À l'inverse des conciles de Nicée (325) et de Constantinople (381) dont les questions théologiques portaient principalement sur l'unicité de Dieu Un et Trine, le concile d'Éphèse marque un tournant en définissant l'union hypostatique (non séparable) des deux natures, humaine et divine, dans la personne (une seule hypostase) du Christ. Le concile d’Éphèse est le concile de l'explicitation et de la proclamation du Christ homme et Dieu, selon la foi apostolique constante de l'Église. Cette explicitation et cette proclamation ont été rendues nécessaire face à l'émergence de l'hérésie nestorienne. Le concile d'Éphèse, 3e concile œcuménique, condamne le nestorianisme comme hérésie, et anathématise et dépose Nestorius comme hérésiarque.

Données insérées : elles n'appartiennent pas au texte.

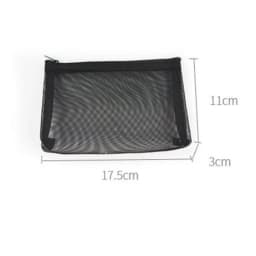 1PCS Women Men Necessary Cosmetic Bag Transparent Travel Organizer Fashion Small Large Black Toiletry Bags Makeup Pouch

L'hérésie appelée nestorianisme est donc au centre du débat. Nestorius, patriarche déposé de Constantinople, niait subtilement la doctrine apostolique (Tradition vivante de l'Église) sur l'unicité de la personne du Christ. Il considérait que, dans la personne de Jésus-Christ, il y a dissociation (dissociation hypostatique) entre le Fils coéternel au Père, d'une part, et l'homme Jésus de Nazareth d'autre part, dans lequel le Verbe divin est venu s'incarner, c'est-à-dire que Dieu serait venu « visiter », comme "un autre" résidant dans "un autre". Du fait de cette dissociation, toujours selon Nestorius, la Vierge Marie est seulement la mère de l'homme Jésus, qui, seulement de manière ultérieure a été investi par le Verbe divin. Ainsi donc, Nestorius, par des insinuations toujours subtiles et tortueuses (voir ses lettres à saint Cyrille d'Alexandrie), en vint à nier que l'on puisse appeler la Vierge Marie la « Mère de Dieu » (théotokos).

Saint Cyrille d'Alexandrie, Père et Docteur de l'Église, prouva dans ses réponses à Nestorius les fondements théologiques et scripturaires de l'union hypostatique dans l'unique personne de Jésus-Christ, et rédigea la position catholique dans ses fameux Douze Chapitres, mettant en demeure Nestorius, puisque preuves étaient faites de son hérésie et de son hétérodoxie, d'y souscrire. Nestorius n'y répondit pas.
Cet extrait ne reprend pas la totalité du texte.